The objects in our lives, from phones to tools to clothes to knickknacks, say a lot about how we live. That may seem like a truism to the average American, considering how intrinsic conspicuous consumption of certain labels, brands and objects are to cultural identity. But it's very subjective — there are always layers and variations in meaning, based on individual experience and context.
That thinking runs parallel to what Dr. Karin Larkin had on her mind when guest-curating The Stories of the Southwest, on display at the Fine Arts Center through Dec. 31. According to Larkin, assistant professor and curator at the University of Colorado at Colorado Springs anthropology department, the exhibit should help build fresh perspectives on the FAC's collection of Spanish colonial Santos and Southwestern indigenous art.

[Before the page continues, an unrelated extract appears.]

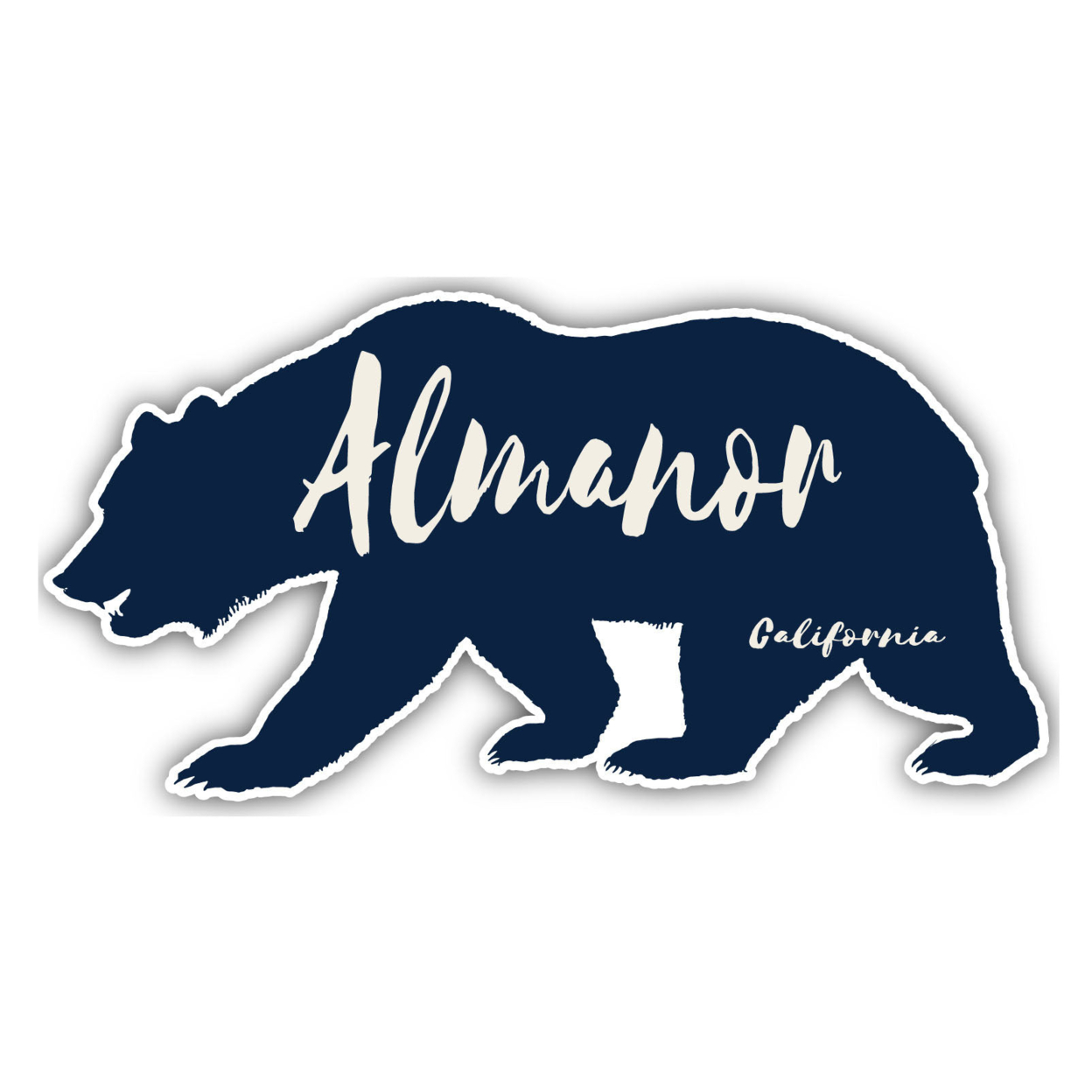 Almanor California Souvenir Decorative Stickers (Choose Theme And Size) - Single Unit, 8-Inch, Bear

"I was looking for a theme that might pull everything together into something a little cohesive, so it would make the interpretation a little easier," says Larkin. She was brought in by Joy Armstrong, Curator of Modern and Contemporary Art at the FAC. "A lot of times, especially in Native American cultures, info is passed along through oral tradition, so storytelling seems to be a good overall [unifying theme.]"
But stories change based on the experiences of the storyteller and the needs of the audience. To reflect that, the FAC will be adding more stories about and interpretations of the pieces over the course of the exhibit.
"These objects, their stories change throughout the course of their lives," she says. "They might have meant one thing in the culture they were being used in, but then it takes on a new [aspect] when it's added to the museum collection."
Of course, just because an object can be interpreted many ways doesn't mean every interpretation is equally useful — Larkin hopes to have the staff of the FAC reaching out to Native American communities to add their perspectives on what's going on display.
"Certainly their perspective is probably one of the most important if not the most important," says Larkin. Still, her emphasis is less on the validity of one story over another and more on the fact that stories change over time.
"What we're trying to show is that all of these stories are important, and all of them add to the life of the object," she says. "It's important that we don't value one [interpretation] at the expense of another."